27 junio, 2011

4. Mauricio. El trato

La llamada de la agente Alexandra Ibarra llegó a mi teléfono móvil a las quince horas con treinta minutos de un jueves. La fecha exacta no importa, pues toda referencia fue borrada de los archivos y esta confesión es de carácter personal, carece de implicaciones legales. Analizaba en el laboratorio huellas procedentes del último caso.
El atropellado informe de la agente, repleto de circunflexiones  y adjetivos inadmisibles, demostraba que la emoción no le permitía pensar con claridad. Le prohibí acudir al sitio en cuestión, primero se debía presentar un informe a Ríos-Gómez. Lamentablemente el coronel participaba en una importante junta con los altos mandos; dichas reuniones suelen prolongarse hasta el anochecer, y no hay poder humano, al menos en mi nivel, capaz de hacerlos salir de ahí para atender una llamada.
Ante la necedad de Ibarra me vi obligado a tomar una decisión. Le rogué esperarme en el lugar, no soy de gran utilidad durante las acciones policiales pero podía llevar a un par de agentes como apoyo. Ella ni siquiera se tomó la molestia en fingir que me esperaría. Pedí la dirección y colgué. Del escritorio saqué mi arma reglamentaria y una polvosa cartuchera. Tal vez las necesitaría por primera vez en mi vida.
Debo decirlo: en esas fechas existía un sentimiento generalizado de irritación en mi contra derivado del problema relatado páginas atrás, debido a esta situación absolutamente ninguno de mis respetables colegas quiso acompañarme. Un agente de nuestro cuerpo está en peligro, expliqué con vehemencia, por simple solidaridad debemos acudir. Nadie me hizo caso, sólo burlas y desprecio. Desesperado, abordé mi automóvil, saqué el intrincado mapa de la ciudad y partí hacia Tláhuac.
Noventa minutos después entré en una diminuta fonda de comida corrida. La delgadísima propietaria y dos muchachas bajitas recogían y lavaban trastes. Tras presentarme brevemente, de forma amable pregunté sobre la agente Ibarra. La señora delgada me miró de arriba abajo y con una breve frase, tan seca como ella, informó sobre el edificio en construcción. Me dio la espalda y continuó fregando trastes. Agradecí con sinceridad, quienes van directo al grano y no se andan con titubeos o extensas fórmulas sociales gozan de mi simpatía.

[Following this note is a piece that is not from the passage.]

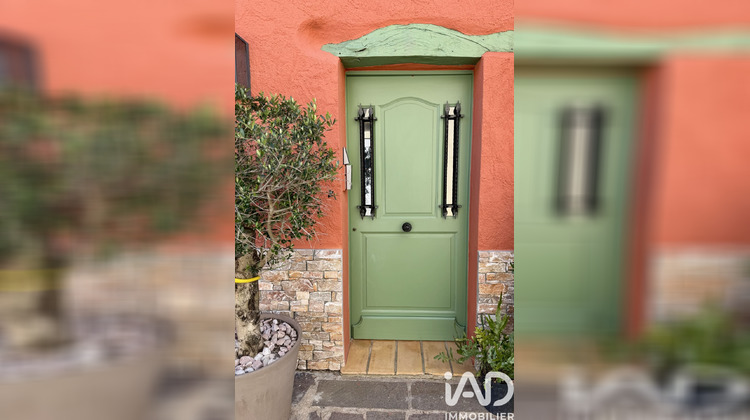 Ma-Cabane - Vente Maison Roquebrune-sur-Argens, 150 m²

Me puse en marcha, metros adelante encontré el auto compacto de Ibarra. Un indefinible presentimiento me asaltó en el instante en que vi la construcción. Saqué la pesada escuadra de la cartuchera y con paso vacilante me interné en el edificio; mi sombra se extendía sobre bultos de cemento y montones de azulejos. Vino a mí el rumor de una conversación procedente de los cuartos del fondo. Levanté la pistola, pude notar el temblor que invadía mis manos. La conversación era llevada principalmente por una voz masculina. Di tres o cuatro pasos con lentitud producto del miedo. Escuché claramente una de las frases:
            —Voy por algunos, a otros los hago venir a mí.
            Me congelé mientras la otra voz, femenina o infantil, contestaba de forma ininteligible. El sudor corría a chorros por mi rostro, cubría mi espalda, empapaba mis axilas. Di dos pasos más. La voz femenina sin duda pertenecía a la agente Ibarra. ¿Estaría conversando con el Balero? La odié entonces, odié su inmadurez y falta de profesionalismo, odié el haberme arrastrado hasta ahí. Ningún pensamiento cruzó mi mente antes de dar el paso definitivo y entrar al cuarto.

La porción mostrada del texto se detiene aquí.